A finales de los años 80, el guionista Don Mancini creó uno de los personajes más icónicos de aquella década, el siniestro Chucky, conocido como el “muñeco diabólico” en su título en español, un pelele parlante con afición a cargarse al personal con un cuchillo. Parodia de un mundo del consumismo que nos propone una diversión continua y la apoteosis de los buenos sentimientos, ese Chucky que dice “soy tu mejor amigo”, llevando su lealtad hasta extremos sanguinarios, se convierte en la metáfora de unas corporaciones cuyo lenguaje amable e incluso lleno de remilgos de cortesía oculta un rostro terrorífico. Por esa dimensión satírica, Chucky además de dar miedo siempre ha sido uno de los villanos más divertidos del cine popular. Para entendernos, es como si las tazas de Mister Wonderful se pusieran a degollar a la gente, una estampa que nunca deja de ser graciosa.

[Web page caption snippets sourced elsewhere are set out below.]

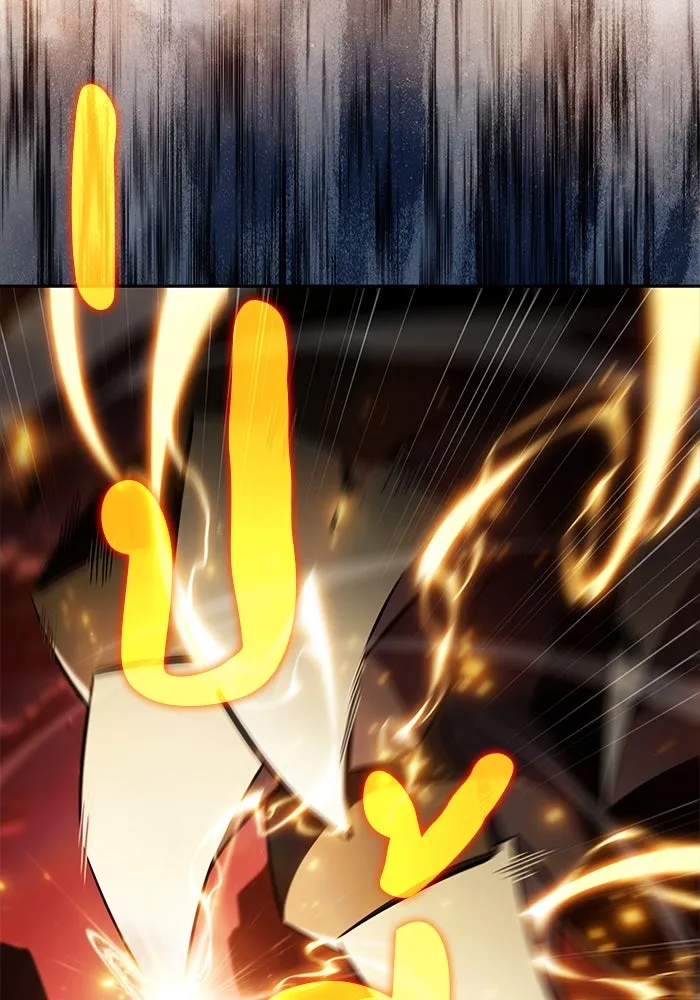 ลูกชายคนเล็กของดยุกคือมือสังหาร ตอนที่ 56 รูปที่ 152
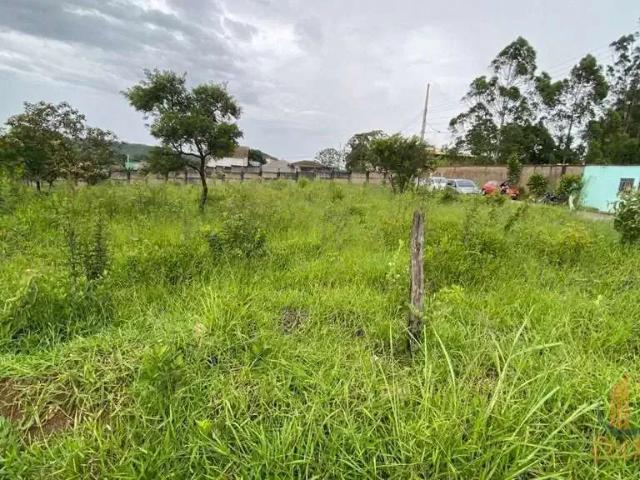 Terreno venda em Região Geográfica Imediata de Conselheiro Lafaiete, Conselheiro Lafaiete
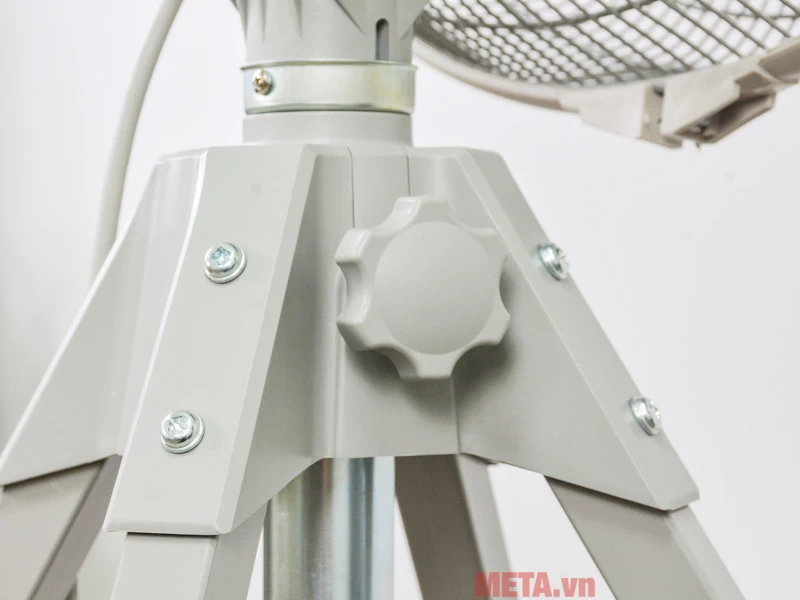 Quạt công nghiệp Hatari IQ25M1 - Hình ảnh 4 HATARI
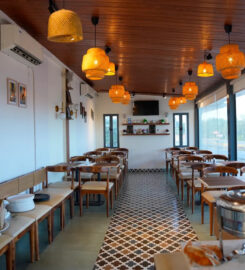 Veloria Grand Yelahanka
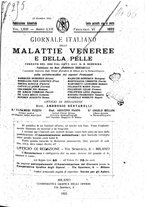 giornale/TO00185234/1922/unico/00001195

Muñeco diabólico tuvo hasta seis secuelas (las últimas llamadas “la novia de Chucky” o “el hijo de Chucky”) y la saga se acabó convirtiendo más en una parodia de sí misma que de la hipocresía inherente a la sociedad de consumo. Ahora, treinta años después de aquella primera película, la franquicia se renueva volviendo a empezar desde el principio y adaptando al terrorífico pelele a los nuevos tiempos. El Chucky de hoy no es un muñeco articulado capaz de decir unas palabras sino un pequeño robot que funciona con Inteligencia Artificial y se conecta al móvil. Un juguete ultrasofisticado como los que veremos pronto que sirve como compañero de juegos y amigo pero también como despertador y secretario. Si el muñeco es más moderno, claro, la historia no tanto, y este remake recupera la figura de la madre soltera saturada por las circunstancias, aunque aquí el niño es algo mayor y el tono es más picante.
En tiempos de Stranger Things, este nuevo Muñeco diabólico dirigido por Lars Klevberg trata de captar el espíritu ochentero del original presentándonos a una pandilla de amigos adolescentes algo estrafalarios que se enfrentan a lo oculto sin más armas que su propio entusiasmo teñido de inocencia. Si la película original nos alertaba sobre la progresiva falsedad del rostro público de un capitalismo cada vez más podrido por dentro, Klevberg recupera el discurso para adaptarlo a estos nuevos tiempos en los que uno puede decidir qué país le espía cuando se decanta por una marca de móvil u otro.
En una era en la que cualquier hacker puede descubrir todos nuestros secretos y donde los aparatos que usamos de manera cotidiana están conectados con la empresa que los creó -de manera que ese vínculo, que antes se rompía con la compra, se mantiene eternamente-, Chucky quiere ser una metáfora de ese buen rollo siniestro que se oculta detrás de esas poderosas compañías tecnológicas que tienen la capacidad de saber nuestras mayores intimidades. Todo esto, que puede parecer demasiado discursivo para una película como Chucky, lo cuenta el director con el mismo tono ligero y gozoso que forma parte de la esencia de la franquicia logrando un filme simpático y divertido entre otras cosas porque Chucky, como malvado, sigue siendo sensacional.